Global Drug Use on the Rise

Around 270 million people used drugs last year worldwide, while over 35 million people suffered from drug use disorders according to the World Drug Report released by the U.N. Office on Drugs and Crime in Vienna which gathered data from 130 countries.

The report said many countries saw a rise in the use of many different drugs saying:

The COVID-19 pandemic brought new trends in drug trafficking and accelerated some existing ones: an increased use of maritime and water routes was observed in many regions, including in countries in Europe, Latin America, North Africa and South-East Asia. These shifts may have been initiated or accelerated by border closures and difficulties in trafficking by land, as well as by the reduction in commercial flights.

The report also highlighted how countries already struggling with opioid use saw uptick in deaths due to overdoses saying, “In some countries already heavily affected by the opioid crisis, COVID-19 appears to have accelerated the trend of increasing overdose deaths.
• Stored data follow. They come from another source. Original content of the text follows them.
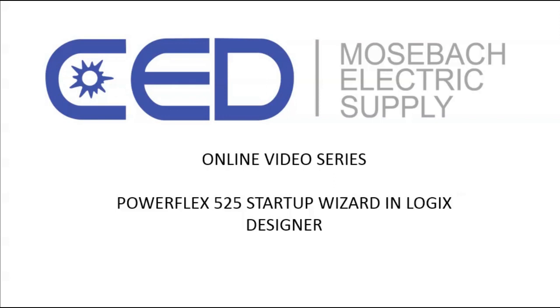Welcome to CED Mosbah's online video series. This video is how to complete a drive startup wizard using Logix Designer.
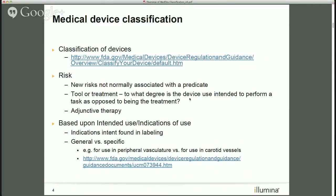Another key factor in determining device class is intended use, which we'll explore later. It's really worth spending a lot of time crafting the language around your intended use. With your initial submission, you'd like to be more general, and as you proceed through development, you get into more specific intended uses in subsequent submissions. For example, a general indication could be 'peripheral vasculature,' whereas down the road you might list specific vessels such as carotid vessels.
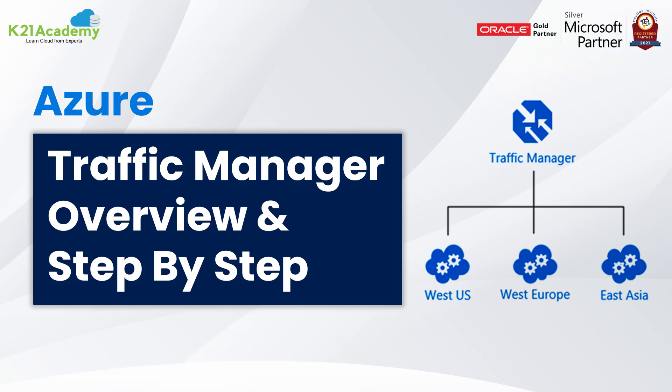Hey guys, welcome to another video of your favorite cloud learning platform K21 Academy where you learn cloud from the experts. In this video we will be covering Azure Traffic Manager.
For example, overdose deaths in North America increased by up to 74 percent in 2020 over 2019.”

This was partly due to because as the study found critical ser-vices for the prevention of adverse health consequences of drug users were partially or completely disrupted in 65 per cent of 130 reporting countries, opioid agonist treatment for opioid use disorders was disrupted in 45 per cent of countries, and overdose prevention and management programs were disrupted in 53 per cent of countries due to shutdowns.

The report also said many countries saw a rise in the use of cannabis during the coronavirus pandemic. They surveyed health professionals in 77 countries 42 percent said cannabis use had increased as well as an increase in non-medical use of pharmaceutical drugs during the pandemic shutdowns. While the percentage of adolescents who perceived the drug as harmful fell by as much as 40 %. This despite evidence that cannabis use has been associated with a variety of health problems and harmful effects especially among long-term users.

“Lower perception of drug use risks has been linked to higher rates of drug use, and the findings of UNODC’s 2021 World Drug Report highlight the need to close the gap between perception and reality to educate young people and safeguard public health,” UNODC Executive Director Ghada Waly said.